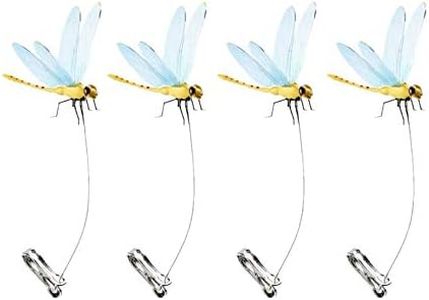 Dragonfly Wingman Clip-On Natural & Organic Concept Deer and Horse Fly Deterrent - Designed in Canada (Random Color) (4)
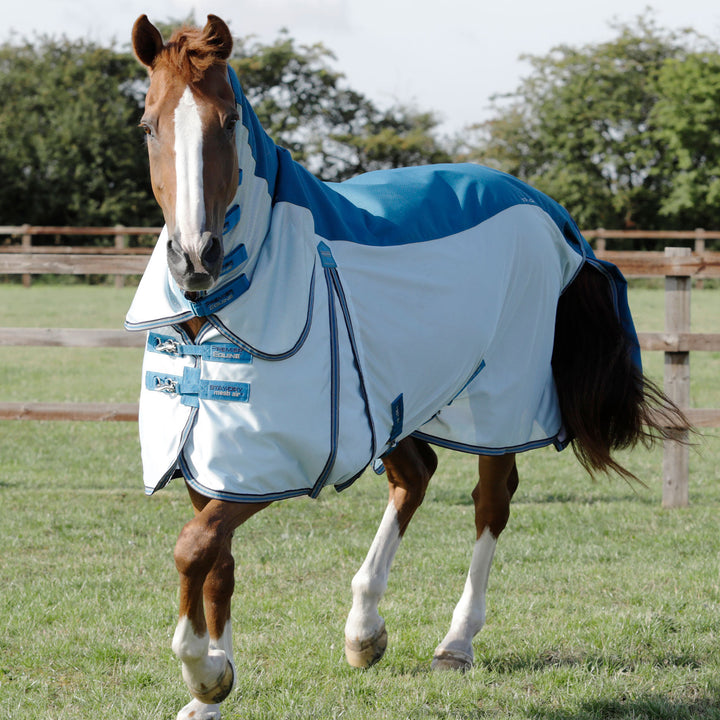 Premier Equine Stay-Dry Mesh Air Fly Rug with Surcingles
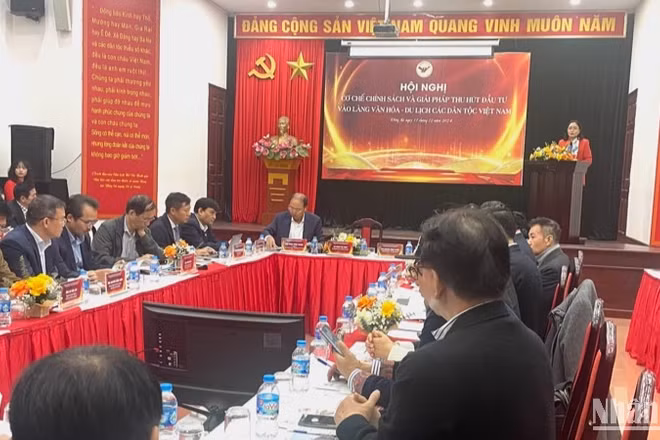 Quang cảnh hội nghị. 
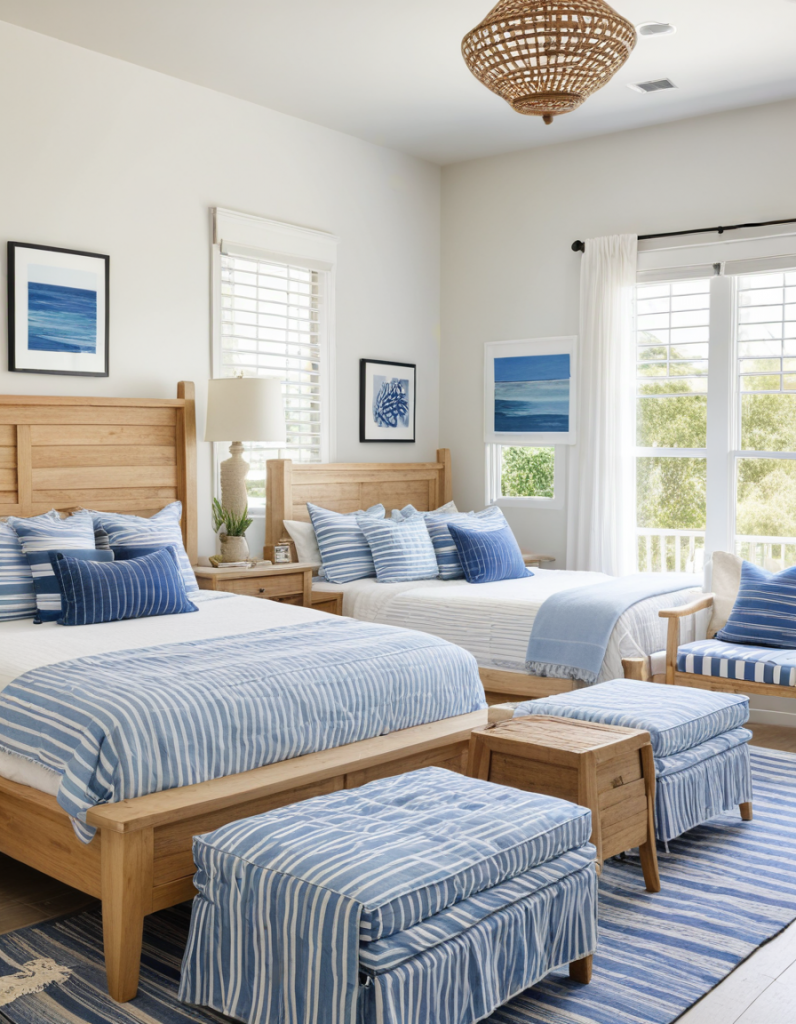 43 Coastal Bedroom Ideas To Bring The Ocean’s Charm Indoors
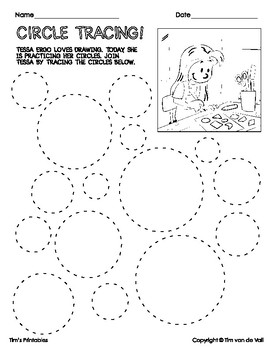 Shape Tracing Worksheets - 20 Pages of Tracing Practice by Tim's Printables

- **EXERCISE DETAILS**
Only the lines from the one holding "Quang cảnh hội nghị." through the end of the data are to be printed, exactly as they stand and with no pictures.

- **SOLUTION FOR THIS EXERCISE**
 Quang cảnh hội nghị. 
 43 Coastal Bedroom Ideas To Bring The Ocean’s Charm Indoors
 Shape Tracing Worksheets - 20 Pages of Tracing Practice by Tim's Printables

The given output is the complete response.